At what point should educated, 21st century women who can think liberally for themselves, take responsibility for themselves…

“A clandestine, and irresponsible, affair may prove dangerous. A city girl learnt it the hard way,”

“Why didn’t these women find life partners by dating?”

18 questions for young women (and men) of ‘marriageable age’.

Early and arranged marriages within the community prevent social ills.

So what does marriage mean to traditional and conservative Indians?

“Only thing I can can think of now is to take a spoon of boiling oil and put on my cheeks. I will see then who marries a girl with a burnt face”

32 thoughts on “And they said financial independence will solve all women’s problems for all times.

  1. well. having gone house hunting as a group of single working females, we found that people thought that single girls (or guys) are more prone to be ‘irresponsible’….with many ‘bad habits’ like partying, being friends with members of opposite sex, smoking, drinking etc….while apparently married people somehow are extremely ‘moral’.

    Like seriously…the looks we got when we came home ‘late’ after catching the last movie show, or overtime at the office…heaven forbid if a guy came to drop us…..if we had not been so damn thick skinned….and so determined to not entertain such nonsense..that would have made it very difficult for us….needless to say…we were asked to leave in 6 months as we ‘came home suspiciously late’ and good girls from good families apparently do not… most of my unmarried friends (males or females) were constantly asked to vacate their houses…

    Like

  2. ….. and then one wonders why the divorce rate is going up. When such criteria are the factors “encouraging” young people to get married, what else does one expect? Wonder when people are going to get some sense.

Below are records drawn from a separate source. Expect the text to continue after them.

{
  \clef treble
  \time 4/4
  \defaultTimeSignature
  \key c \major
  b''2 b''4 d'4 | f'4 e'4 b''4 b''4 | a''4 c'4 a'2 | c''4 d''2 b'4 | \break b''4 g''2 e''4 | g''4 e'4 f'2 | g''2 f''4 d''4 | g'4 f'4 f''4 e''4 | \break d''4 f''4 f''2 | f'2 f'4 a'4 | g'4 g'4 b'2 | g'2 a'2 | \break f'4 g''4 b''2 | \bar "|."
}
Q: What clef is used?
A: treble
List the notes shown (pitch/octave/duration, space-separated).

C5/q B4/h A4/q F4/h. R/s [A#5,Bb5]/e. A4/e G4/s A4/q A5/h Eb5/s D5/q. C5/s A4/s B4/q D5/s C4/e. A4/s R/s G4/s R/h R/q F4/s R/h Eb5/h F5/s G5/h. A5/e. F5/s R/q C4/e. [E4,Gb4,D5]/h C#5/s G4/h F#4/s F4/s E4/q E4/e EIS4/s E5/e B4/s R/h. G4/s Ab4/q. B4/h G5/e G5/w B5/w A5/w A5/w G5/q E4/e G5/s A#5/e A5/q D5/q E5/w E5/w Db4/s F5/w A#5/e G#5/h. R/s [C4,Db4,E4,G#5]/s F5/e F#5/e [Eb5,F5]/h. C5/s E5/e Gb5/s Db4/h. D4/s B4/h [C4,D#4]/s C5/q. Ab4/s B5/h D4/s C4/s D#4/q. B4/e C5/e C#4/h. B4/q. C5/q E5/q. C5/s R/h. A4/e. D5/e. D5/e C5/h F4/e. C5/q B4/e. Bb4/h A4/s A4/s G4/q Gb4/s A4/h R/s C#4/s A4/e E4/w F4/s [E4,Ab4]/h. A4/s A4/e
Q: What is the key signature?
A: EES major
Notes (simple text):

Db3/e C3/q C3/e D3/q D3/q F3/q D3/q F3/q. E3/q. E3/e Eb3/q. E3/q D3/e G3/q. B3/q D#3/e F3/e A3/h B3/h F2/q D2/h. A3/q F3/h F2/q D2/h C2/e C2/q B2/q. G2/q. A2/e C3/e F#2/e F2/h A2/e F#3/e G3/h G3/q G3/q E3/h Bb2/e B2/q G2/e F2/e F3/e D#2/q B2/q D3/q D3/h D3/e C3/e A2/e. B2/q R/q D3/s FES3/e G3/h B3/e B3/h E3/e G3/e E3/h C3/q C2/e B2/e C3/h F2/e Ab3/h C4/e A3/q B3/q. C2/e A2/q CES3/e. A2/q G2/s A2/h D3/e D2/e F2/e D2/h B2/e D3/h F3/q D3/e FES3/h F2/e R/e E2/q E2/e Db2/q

    One of the problems people mention in renting out flats to singles is that they do not take care of the flat, maintain it well, are noisy …… Over generalizations?

    Like

  3. Once I rang up an advertised number for an apartment. I mentioned it was for my husband and on further questioning I answered that I would be visiting on weekends. or whenever I found time since I was staying in a different city for the sake of my college going children. The person on the other end outright refused me, saying it would not be rented out to a single people. I said he is not single, but married. No way, he refused me outright. May be I should have offered to show him my marriage certificate? *sarcasm*
    Kerala is very backward in this respect. You have residence associations wanting to know who the visitors are who visit single people. There has been instances when guests visiting single women have been stopped/refused entry.
    In Bangalore, the security guard at MY SON’s apartment (shared with other boys and where women were not allowed to enter) in posh Ulsoor area, was rude to me, even though I told him I had NO intention of going up to his apartment and was only moving towards a shady spot near the gate! Can you imagine?! This happened just two years back.

    Like

    • Here is what I had commented in Sapna’s blog

      =================
      Indians make strange landlords when they own a flat.
      They don’t like bachelors.
      They don’t like non vegetarians.
      They don’t like pets (dogs/cats)
      They don’t like tenants with beards.
      They don’t like tenants who are in business with irregular income. They prefer tenants with safe “Gorement” jobs or jobs with MNCs.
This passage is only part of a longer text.